Repetition must be exact and must stop with the line bearing "Horno empotrable Electrolux". It begins at the first line of the records and includes no pictures.

Collection entries:
□ □ □ □ □

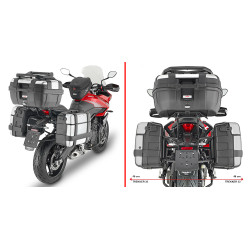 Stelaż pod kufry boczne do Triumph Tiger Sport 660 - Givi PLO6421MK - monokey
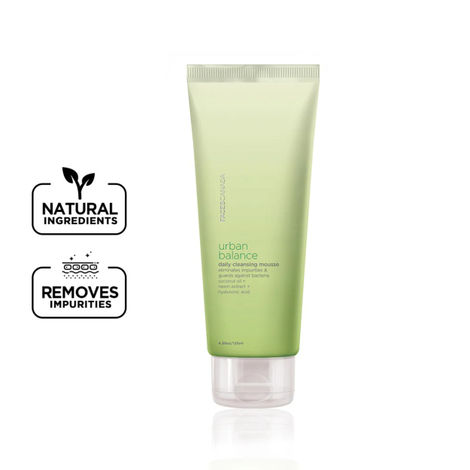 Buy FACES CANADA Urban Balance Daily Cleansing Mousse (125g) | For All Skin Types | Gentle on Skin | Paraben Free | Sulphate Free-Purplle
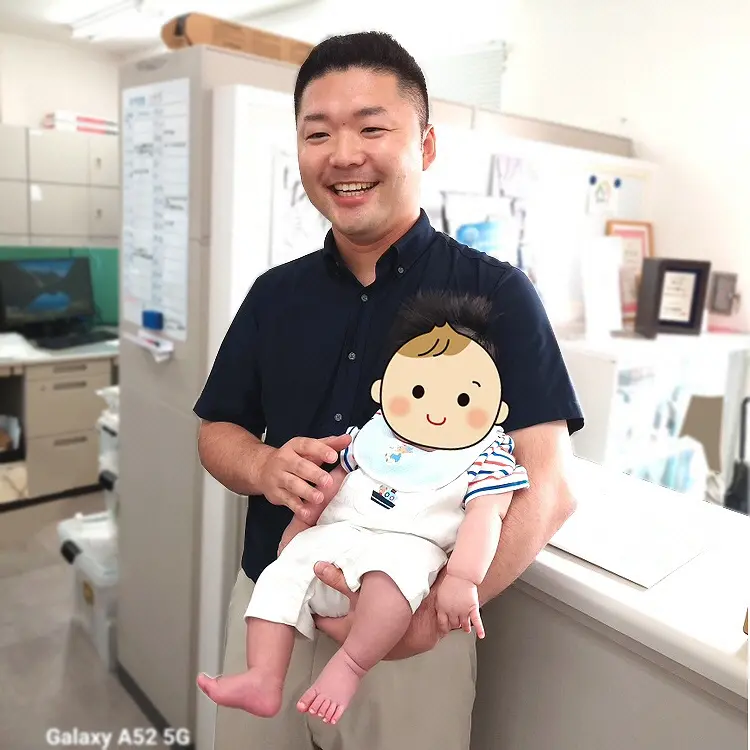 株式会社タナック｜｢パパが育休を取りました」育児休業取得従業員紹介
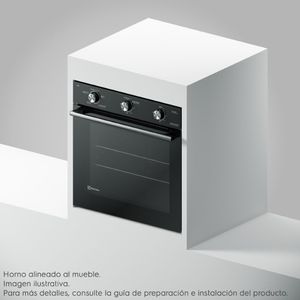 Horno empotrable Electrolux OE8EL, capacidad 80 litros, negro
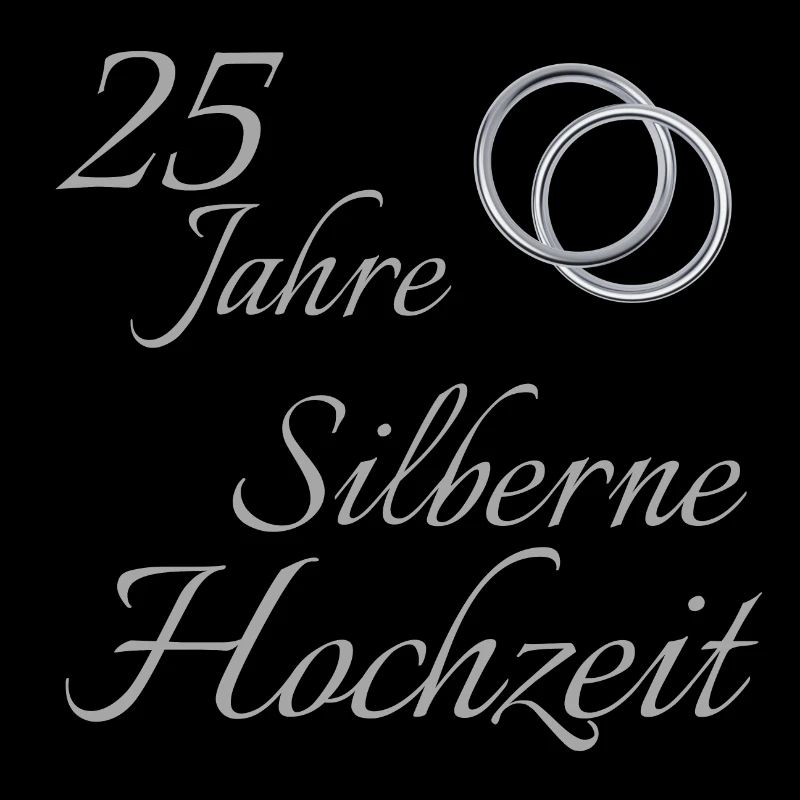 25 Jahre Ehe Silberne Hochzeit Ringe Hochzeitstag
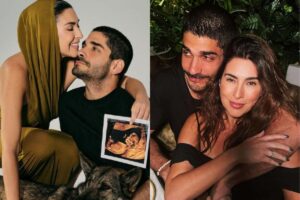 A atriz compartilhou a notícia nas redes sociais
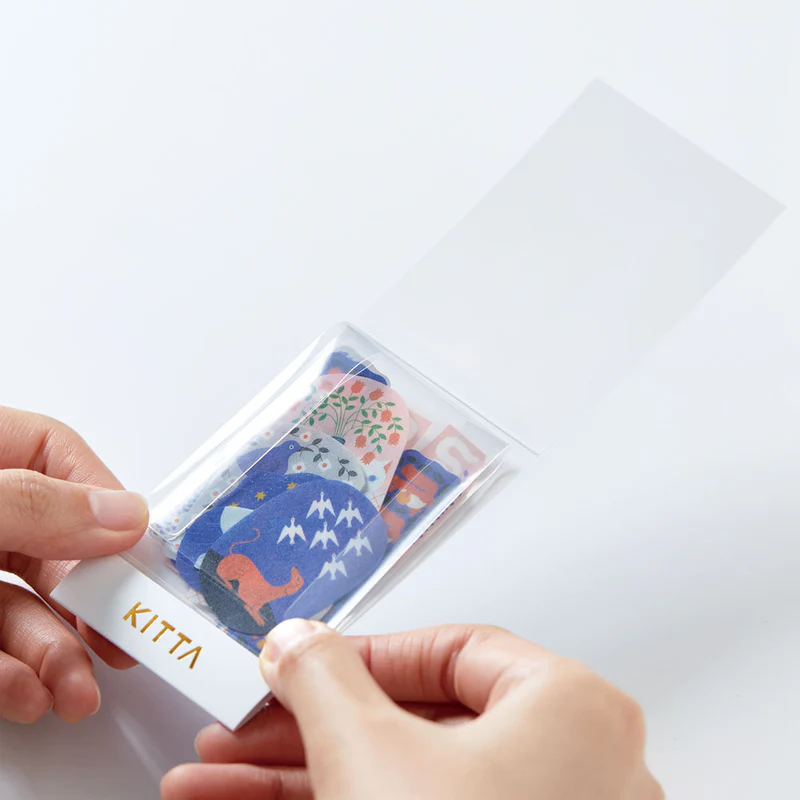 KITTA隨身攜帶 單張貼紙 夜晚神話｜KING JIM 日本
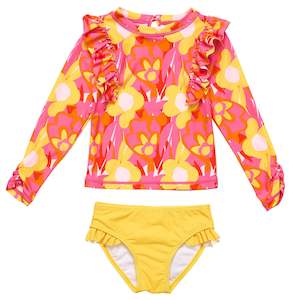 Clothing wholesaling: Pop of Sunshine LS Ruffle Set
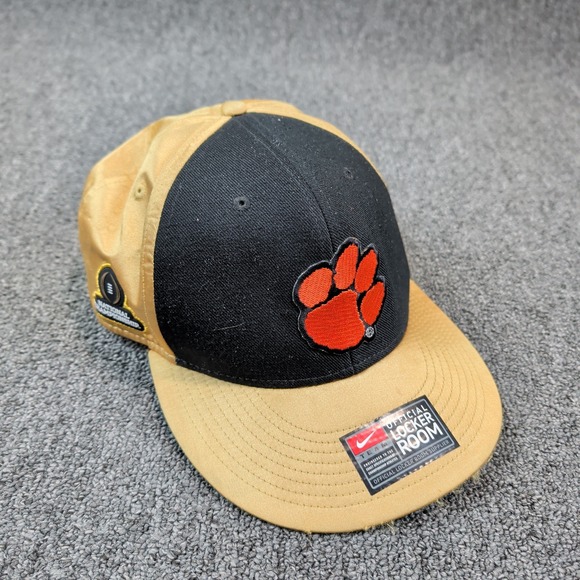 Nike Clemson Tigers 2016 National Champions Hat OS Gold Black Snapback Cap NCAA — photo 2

□ □ □ □ □

**Response to the exercise**
 Stelaż pod kufry boczne do Triumph Tiger Sport 660 - Givi PLO6421MK - monokey
 Buy FACES CANADA Urban Balance Daily Cleansing Mousse (125g) | For All Skin Types | Gentle on Skin | Paraben Free | Sulphate Free-Purplle
 株式会社タナック｜｢パパが育休を取りました」育児休業取得従業員紹介
 Horno empotrable Electrolux OE8EL, capacidad 80 litros, negro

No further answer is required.